Rixon Capital

  1. Private Credit: A type of debt financing where loans or credit are provided by non-traditional lenders, such as private equity firms, hedge funds, or direct lending funds, to businesses or individuals.
  2. Direct Lending: The practice of providing loans directly to businesses or individuals, bypassing traditional banks or financial institutions.
  3. Mezzanine Financing: A hybrid form of financing that combines both debt and equity, often used by private credit providers to support companies with high growth potential.
  4. Private Equity: Investment in private companies by private credit providers, often involving a stake in the ownership and control of the company.
  5. Distressed Debt: Debt securities of a company that is facing financial difficulties, often purchased by private credit investors at a discount.
  6. Senior Debt: Debt that has a higher priority for repayment in the event of a company’s liquidation or default, making it less risky for private credit investors.
  7. Subordinated Debt: Debt that has lower priority for repayment than senior debt, typically carrying higher interest rates to compensate for the increased risk.
  8. Leverage: The use of borrowed funds to invest or finance an investment, a common strategy in private credit.
  9. Covenant: A legal provision in a debt agreement that specifies the terms and conditions that the borrower must adhere to, often related to financial performance and debt repayment.
  10. Default: When a borrower fails to meet the agreed-upon obligations of a debt contract, such as missing interest payments or not repaying the principal.
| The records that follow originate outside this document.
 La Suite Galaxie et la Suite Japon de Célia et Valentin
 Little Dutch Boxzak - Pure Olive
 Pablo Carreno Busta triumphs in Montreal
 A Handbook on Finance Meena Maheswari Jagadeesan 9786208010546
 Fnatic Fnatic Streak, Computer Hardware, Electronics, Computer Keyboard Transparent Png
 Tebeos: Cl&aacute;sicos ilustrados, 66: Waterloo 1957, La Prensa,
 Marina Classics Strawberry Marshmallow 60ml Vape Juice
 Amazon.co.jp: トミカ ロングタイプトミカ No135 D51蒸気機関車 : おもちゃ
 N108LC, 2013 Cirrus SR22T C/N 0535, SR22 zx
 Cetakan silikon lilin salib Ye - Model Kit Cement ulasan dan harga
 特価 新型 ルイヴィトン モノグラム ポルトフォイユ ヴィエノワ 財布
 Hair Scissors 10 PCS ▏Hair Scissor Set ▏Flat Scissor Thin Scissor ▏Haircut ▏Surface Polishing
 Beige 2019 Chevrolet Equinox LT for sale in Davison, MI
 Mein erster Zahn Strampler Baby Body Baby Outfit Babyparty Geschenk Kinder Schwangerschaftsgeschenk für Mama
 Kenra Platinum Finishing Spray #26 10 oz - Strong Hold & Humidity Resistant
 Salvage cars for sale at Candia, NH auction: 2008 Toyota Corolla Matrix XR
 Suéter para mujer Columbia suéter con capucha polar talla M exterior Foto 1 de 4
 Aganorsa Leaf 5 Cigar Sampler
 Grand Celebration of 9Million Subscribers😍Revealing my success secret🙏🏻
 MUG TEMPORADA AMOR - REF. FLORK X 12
  11. Yield: The return on investment for a private credit investment, often expressed as an annual percentage.
  12. Credit Risk: The risk that a borrower may default on their debt obligations, leading to potential losses for the lender.
  13. Due Diligence: The process of thoroughly investigating a potential borrower’s financial health, operations, and creditworthiness before extending private credit.
  14. Liquidity: The ease with which an investment can be converted into cash, which is often lower in private credit compared to publicly traded securities.
  15. Debt Restructuring: A process in which the terms of a debt agreement are modified to accommodate a distressed borrower’s financial situation.
  16. Credit Facility: A formal agreement that outlines the terms and conditions of a loan or credit extended by a private credit provider.
  17. Collateral: Assets or property that a borrower pledges as security for a loan, which can be seized by the lender in the event of default.
  18. Coupon Rate: The interest rate paid to the lender by the borrower on a debt investment, typically expressed as a percentage.
  19. Lien: A legal claim on a borrower’s assets, often used to secure a private credit investment.
  20. Amortization: The process of paying off debt over time, typically through regular payments of both principal and interest.